Two days cycling along the edges of the Sechura Desert. So far I like the “old Pan-American” road as not much wind and a number of settlements.
Left Piura and crossed river in city, largest water I would see for a while. My route brought me due east to start and had a cross-wind from the south. I expect if I’d gone the direct route south, that I would have started with that headwind.
Real estate developers seem to be similar around the world. Look at the smiling family next to the nice green lots and streets. Right next to the sign is the arid region that this is being developed and somehow doesn’t look as inviting.
Moderate amount of traffic as we came past some small settlements. This guy on horseback was working to guide some cattle along the way.
Road even had a bicycle sign. I also see some local cyclists in this area. Mostly riding from village to village as transportation as opposed to those riding for sport, e.g. more of those in Colombia.
At 49km was a gas station as well as this restaurant. It was early for lunch, but had it anyways here since I wasn’t 100% certain where I might see restaurants.
The road was starting to get quieter and livestock was more willing to walk along the road. For the first half hour of each hour, I tried keeping a count of how many vehicles came the other direction. These counts were as follows:
- 7am; too many to count, I rode through Piura
- 8am; 68
- 9am; 44
- 10am; 29
- 11am; 32 after my lunch
- Noon; 4
- 1pm; 5
I was still on the road after 1pm, but clearly not as interesting to count anymore.
This is the road intersection I passed shortly before noon. Most traffic came from the left and I went right.
Long somewhat straight road for a while.
At 82km, I stopped to check my maps. When I went to go, the rear tire was completely flat. Sigh, the patch had failed again near the tire boot. I patched the tube and then swapped in another tube. Had it all pumped up and started putting things back on the bike when it was soft again.

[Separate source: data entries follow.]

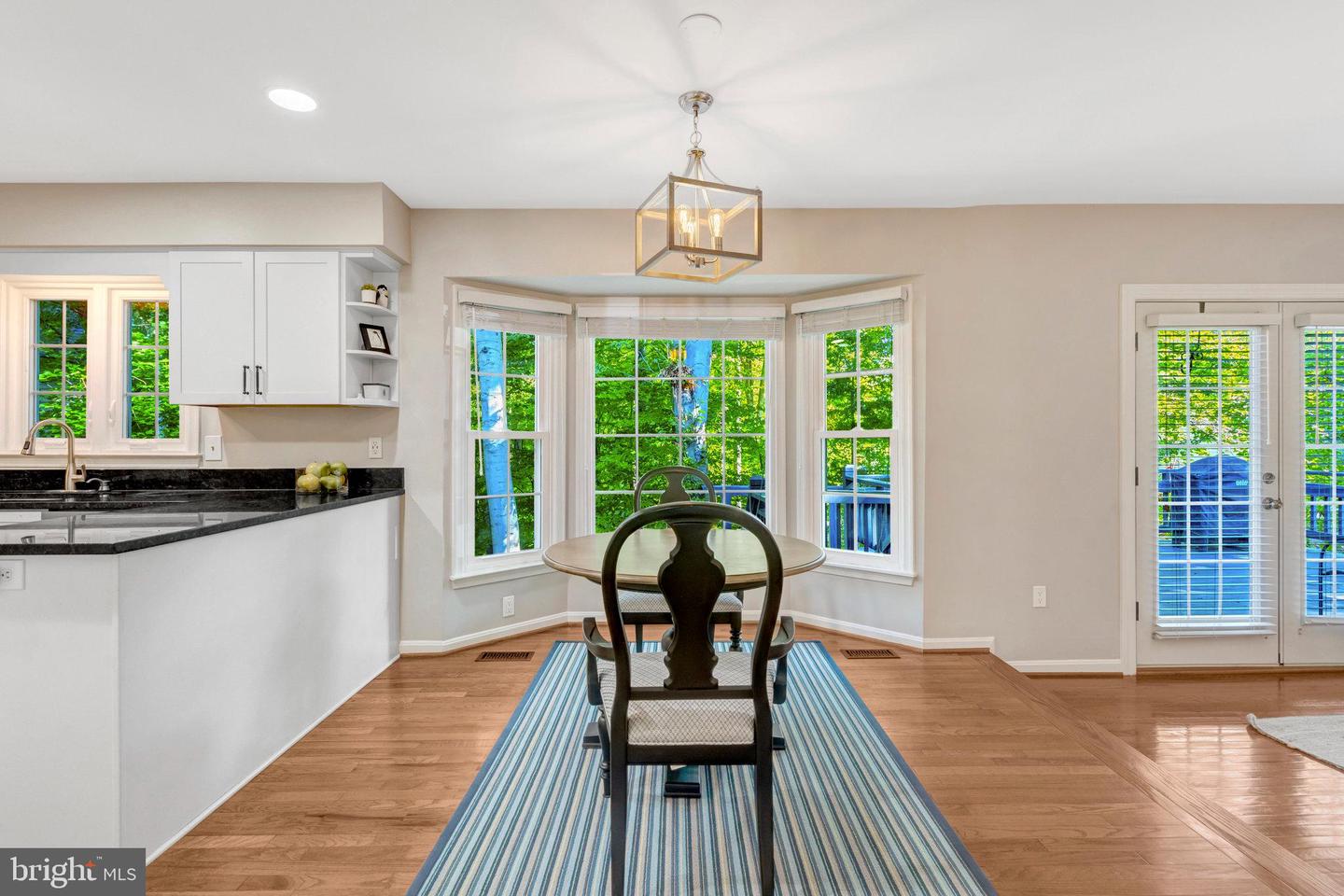 9524 OAK STREAM CT, FAIRFAX STATION, Virginia 22039, 4 Bedrooms Bedrooms, ,3 BathroomsBathrooms,Residential,For sale,9524 OAK STREAM CT,VAFX2268078 MLS # VAFX2268078
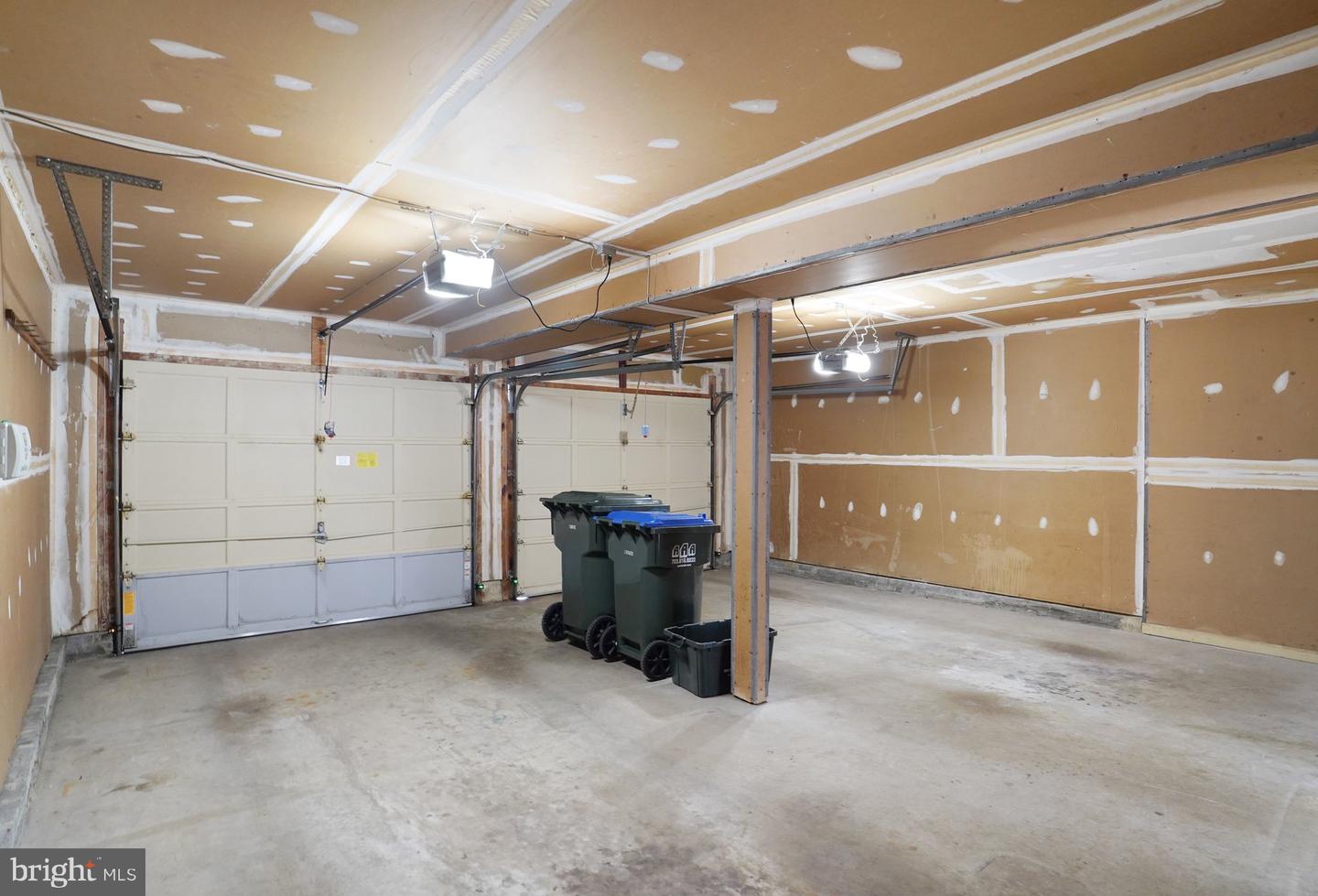 9019 OCTAVIA CT, SPRINGFIELD, Virginia 22153, 4 Bedrooms Bedrooms, ,2 BathroomsBathrooms,Residential,For sale,9019 OCTAVIA CT,VAFX2278946 MLS # VAFX2278946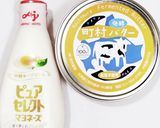 うちの味☆大葉香る♪甘辛なコク旨そぼろ♪作り方4写真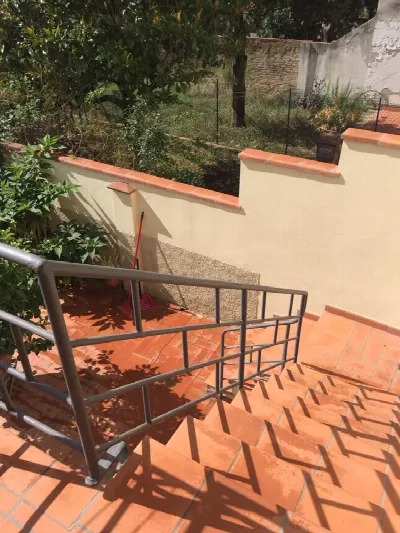 Appartamento in vendita a Empoli - foto 8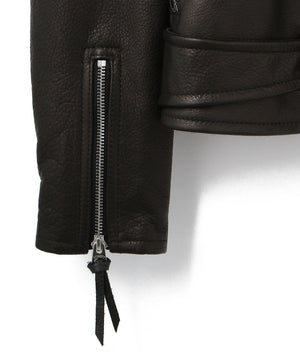 633a34bf-65cd-520a-b669-f001ee481359_Image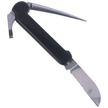 Nóż żeglarski Herbertz CJH Sheepsfoot 75mm (ART000150 - 840111)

Rather frustrating. Decided to completely swap in a new tube and tire. I had been hoping to keep this tire along until at least Lima since I have only one more spare tire. However, too frustrating and also was going through my spare tubes as well.
By now it was hot and spent a fair amount of time getting things fixed up. Cycled until the next town El Virrey just past the 100km mark. There was a restaurant here and I asked if it would be OK to set up my tent in next door park. This was fine.

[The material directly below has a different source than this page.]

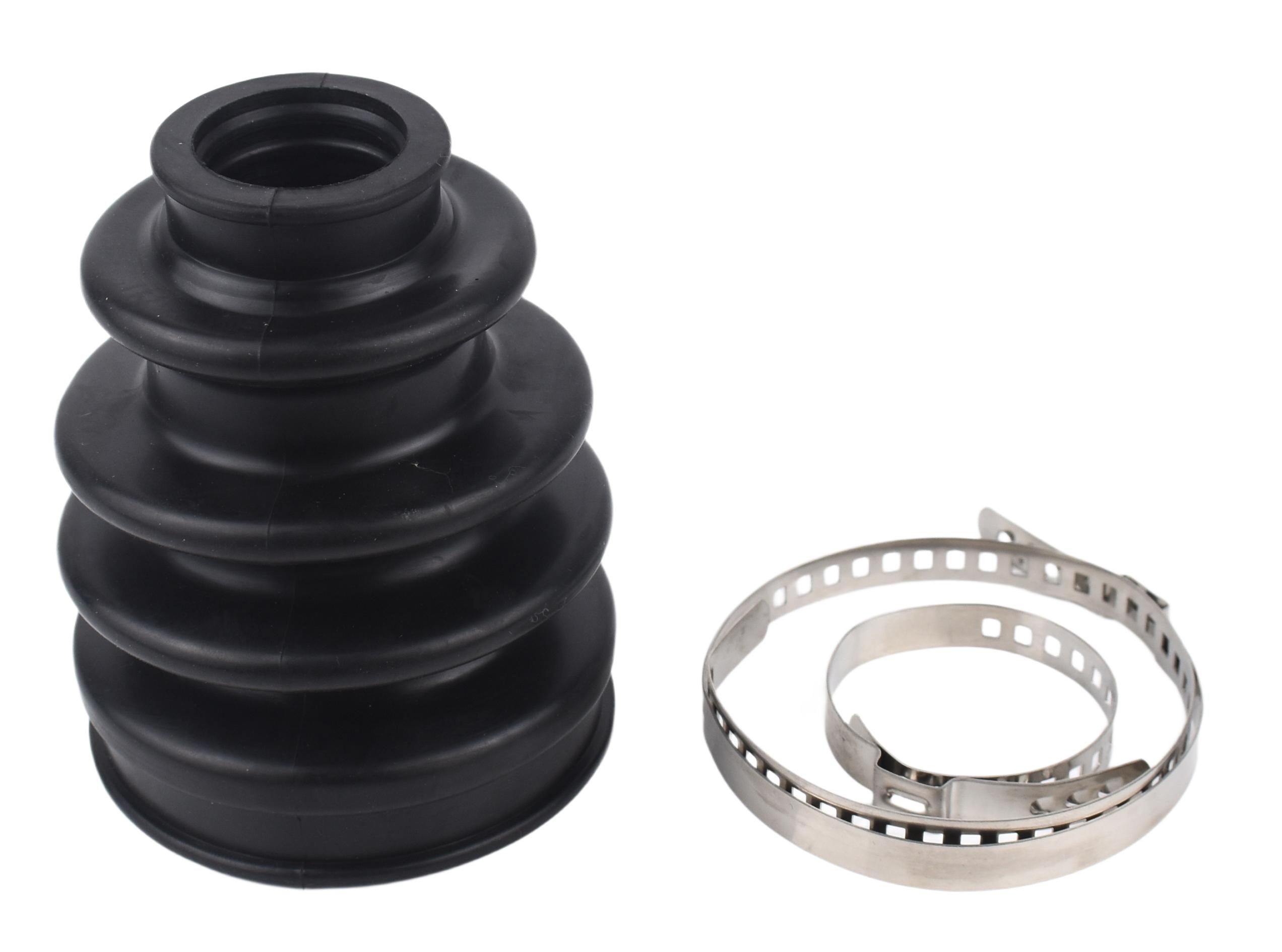 Купить JIKIU CD21046 Пыльник ШРУСа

Carlos (age 8) and Antony (age 10) showed me where to get in the gate and watched as I set up my tent. They kept company asking a bunch of questions until that got too boring. They came past with some other friends for a while as well. Later in evening, I had dinner in the restaurant.
Shorter ride today and mostly flat as I came to larger village of Olmos. I noticed several churches and after a bit decided to take some photographs. Missed a few but…still surprising how many of these little churches in ~50km of todays route.

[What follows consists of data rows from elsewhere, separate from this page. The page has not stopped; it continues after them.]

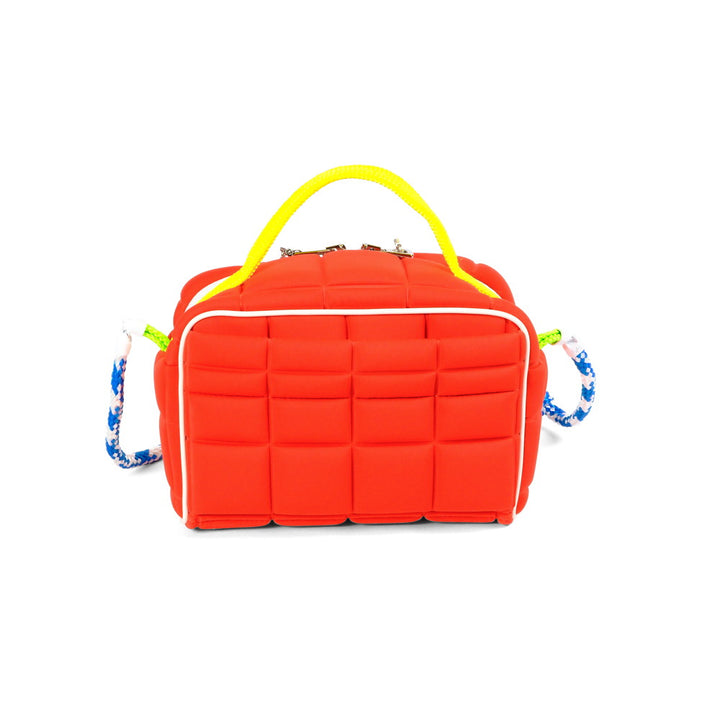 【阪神タイガース 優勝SALE】【L4K3】MACARON　MAC-815JP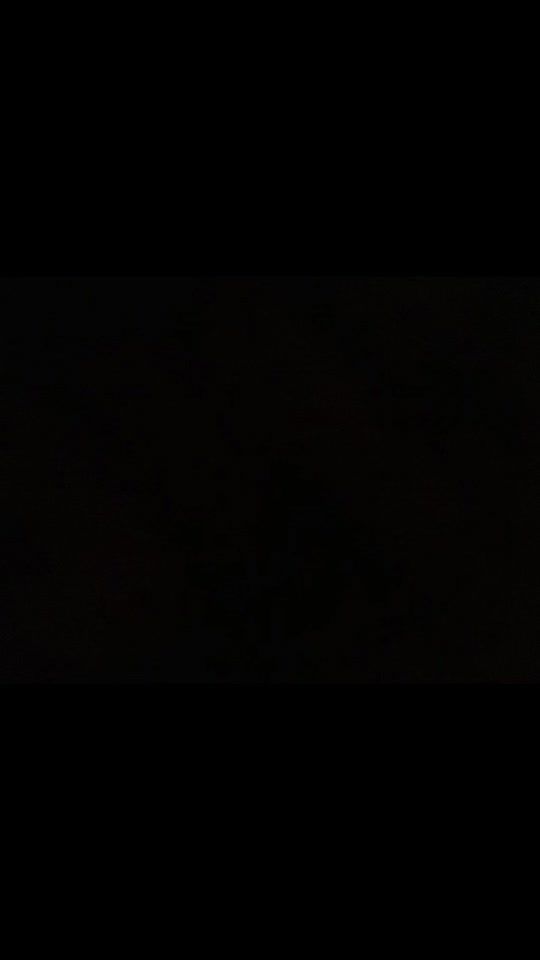 TikTok video thumbnail by xo7ld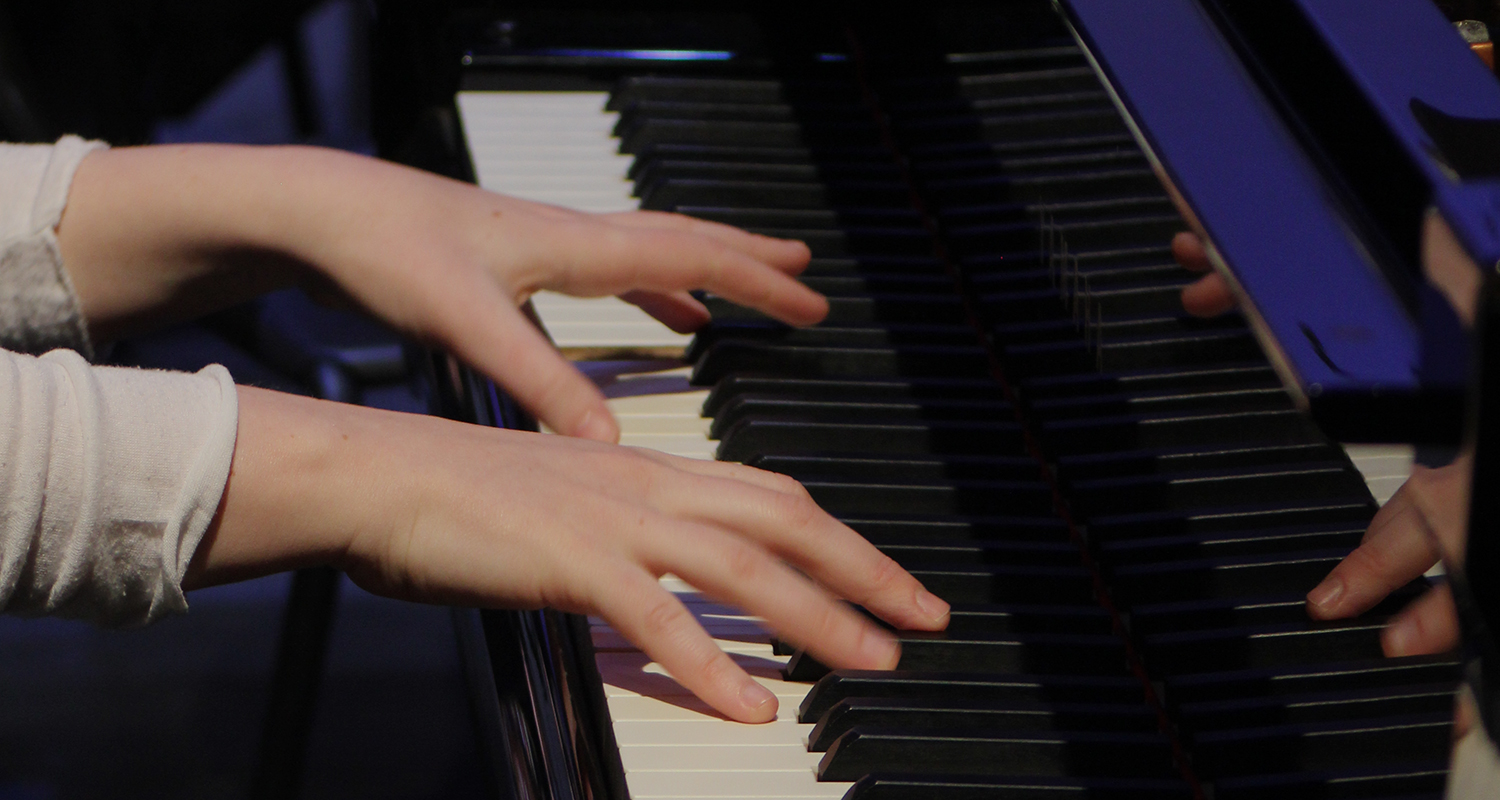 BSO-website_header-banner_gallery.jpg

Here is church #1, interesting to see things growing on top of it.
At 15km was a police station in Naupe. One of the other blogs had mentioned staying in the police station here. From looks of things, I was happy I was in the park. Getting to Naupe was a 150m hill with a few steep bits to climb over. After this it was much flatter.
This past March, northwestern Peru had a lot of flooding problems. The area is normally a semi-desert but during El Nino can suddenly get a huge amount more rain. Not 100% but my guess is that dry riverbed was a wide raging river and happened to also wash out this part of the road.
Church #2, I missed taking a photo of another one before this as well.
Church #3, was back in a field.
Church #4, also back in a field.
Another section of washed out road.
These horses weren’t in much hurry to get off the road.
A more typical house that I saw along this stretch of road.
This guy was painting the road markers. This time counting down to Chiclayo at 100 kilometers.
Church #15, overall I missed a few but this was many small churches in just a ~50km stretch.
Main street Olmos. Interestingly, there wasn’t a church on the main square in this town.
Several market streets and more fish here as well as fruits and vegetables.
Mural warning about mosquito-borne diseases.
Otherwise a relaxing afternoon. Past mornings have been overcast and cloudy. It burns off mid-day and then becomes warmer. Also spent some time having the hotel reboot their router, still tough to explain in Spanish when I see these diagnosis.